Chapter 7 - Functions - Exercise Set 7.4 - Page 440: 15

See explanation

**Answer assuming “bit strings” means all finite sequences of 0’s and 1’s:** A standard argument is to observe that bit strings can be grouped by their length: - There is exactly \(1\) string of length \(0\) (the empty string). - There are \(2\) strings of length \(1\). - There are \(2^2 = 4\) strings of length \(2\). - \(\dots\) - In general, there are \(2^n\) strings of length \(n\).
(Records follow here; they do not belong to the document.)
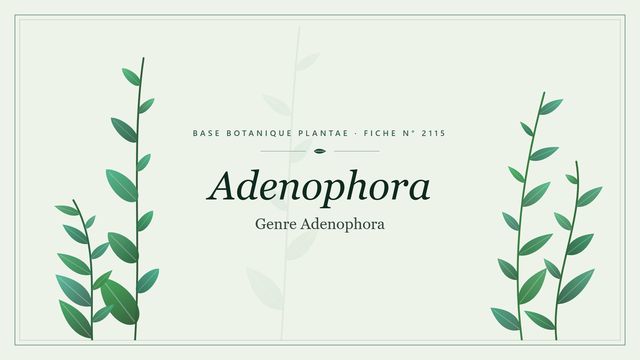 Adenophora : panorama Planche botanique stylisée d’Adenophora (Genre Adenophora)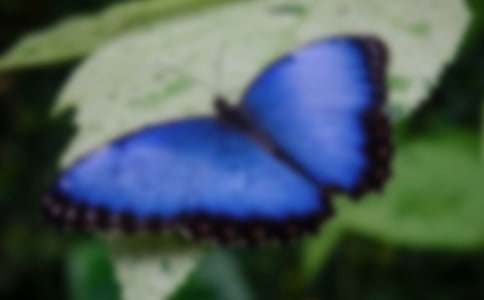 美麗的蝴蝶優秀教案設計(精選7篇)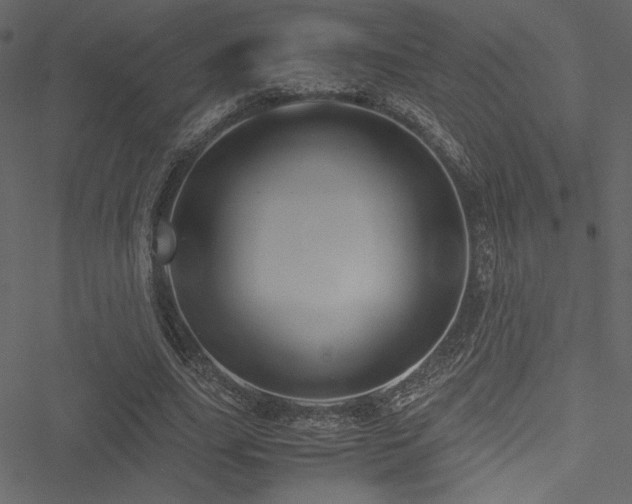 X0000051240631200506171111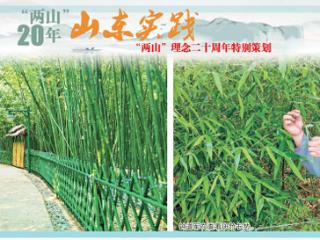 “两山”20年山东实践丨“南竹北移”70多种,万里黄河绿生金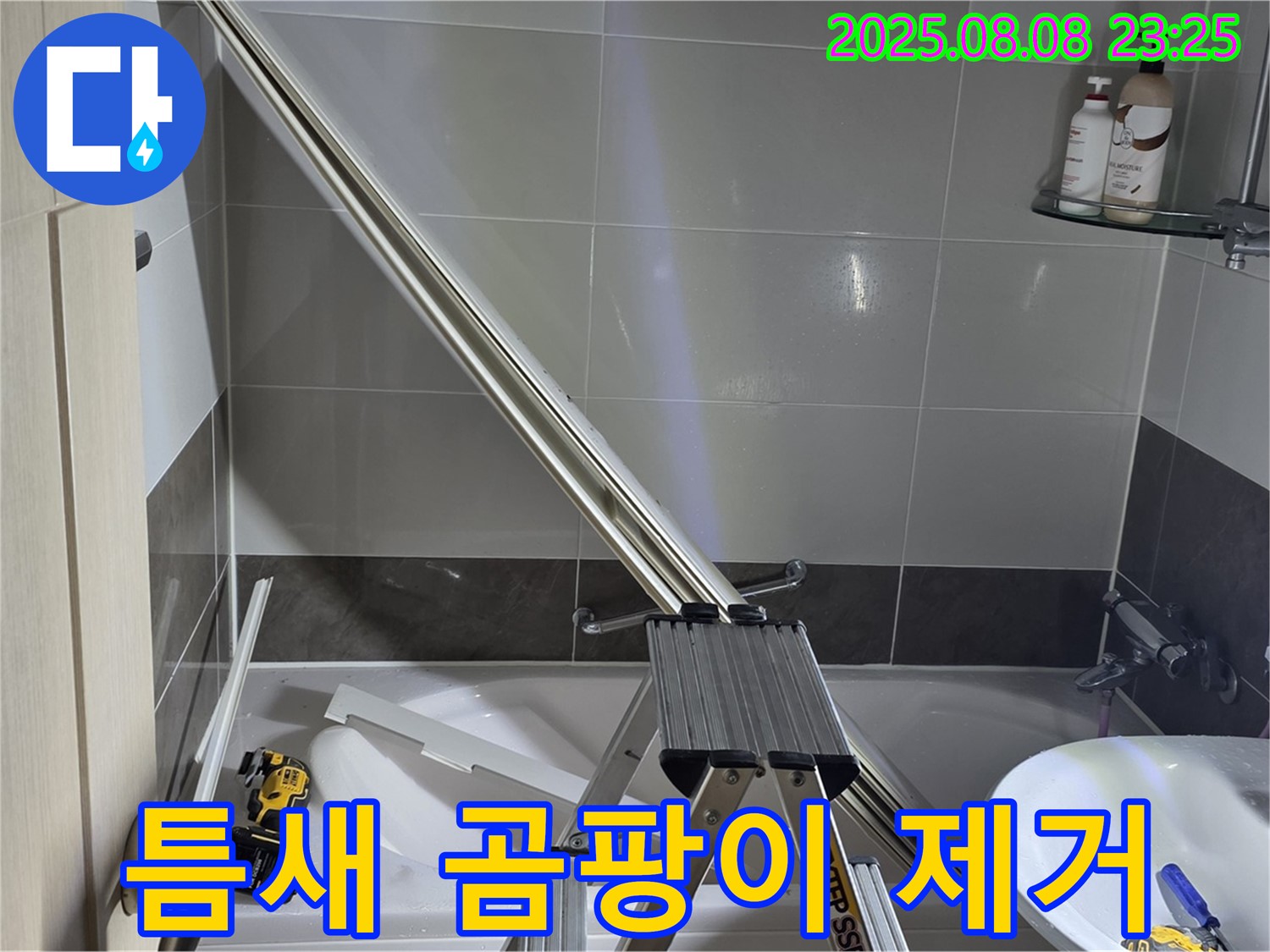 양주 옥정 아파트 샤워부스 유리와 타일 틈새 곰팡이 제거 작업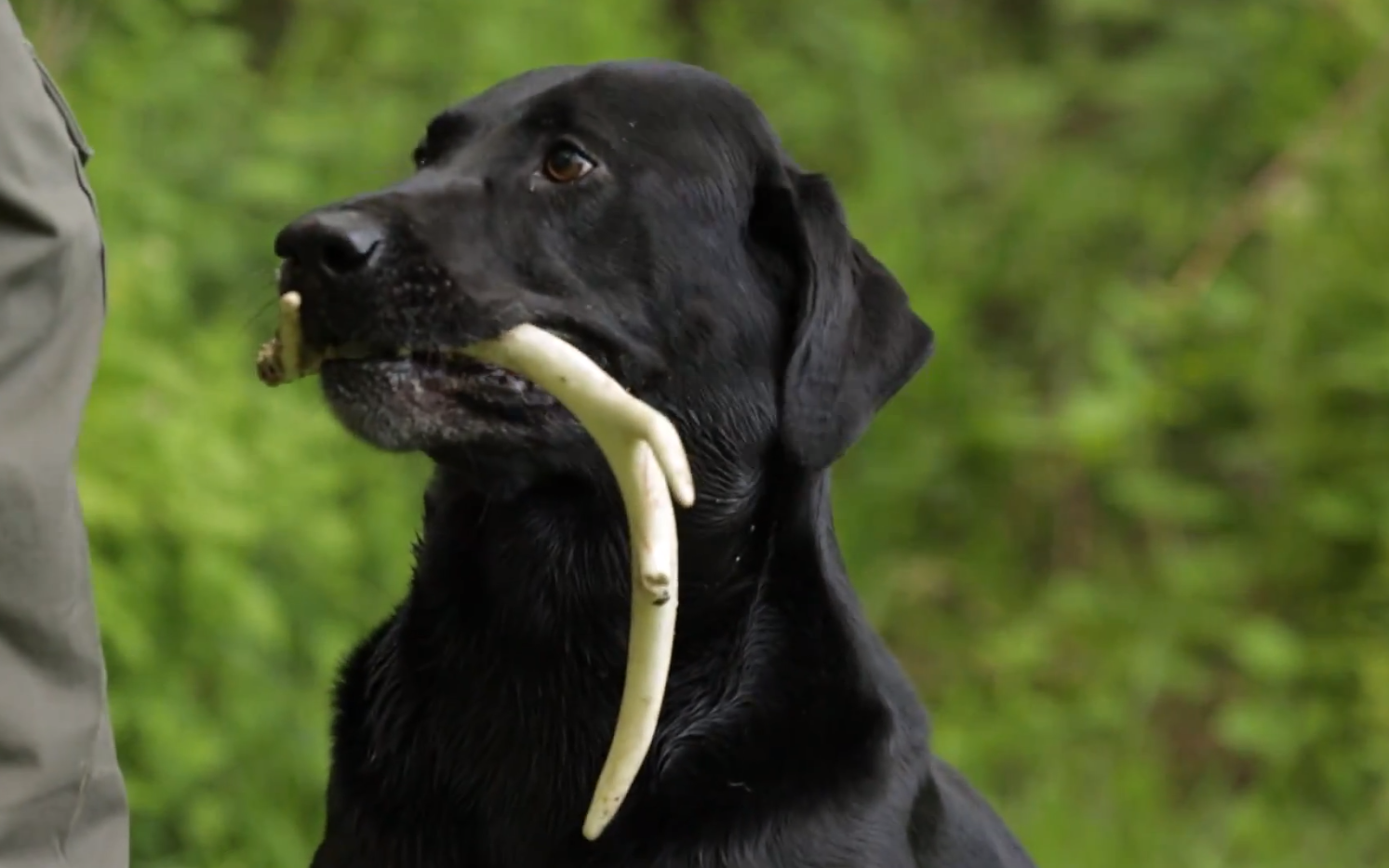 World's Best Shed Hunting Dogs Converge on Minnesota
Thus, the set of **all** finite bit strings is the **countable union** of these finite sets: \[ \underbrace{\{ \varepsilon \}}_{\text{length }0} \;\cup\; \underbrace{\{0,1\}}_{\text{length }1} \;\cup\; \underbrace{\{00,01,10,11\}}_{\text{length }2} \;\cup\;\dots \] A countable union of finite sets is itself **countable**. Concretely, you can list all bit strings by writing first the length‐0 string, then all length‐1 strings, then all length‐2 strings, etc.: \[ \varepsilon,\; 0,\;1,\; 00,\;01,\;10,\;11,\; 000,\;001,\;010,\;011,\;\dots \] Because we can arrange every finite bit string into a single infinite list (one after another), the set of all such strings is countable. --- **Note**: If instead one considers **infinite** bit strings (sequences of 0’s and 1’s of infinite length), that set is **uncountable**, akin to the cardinality of the real numbers in \([0,1]\) when viewed in binary form.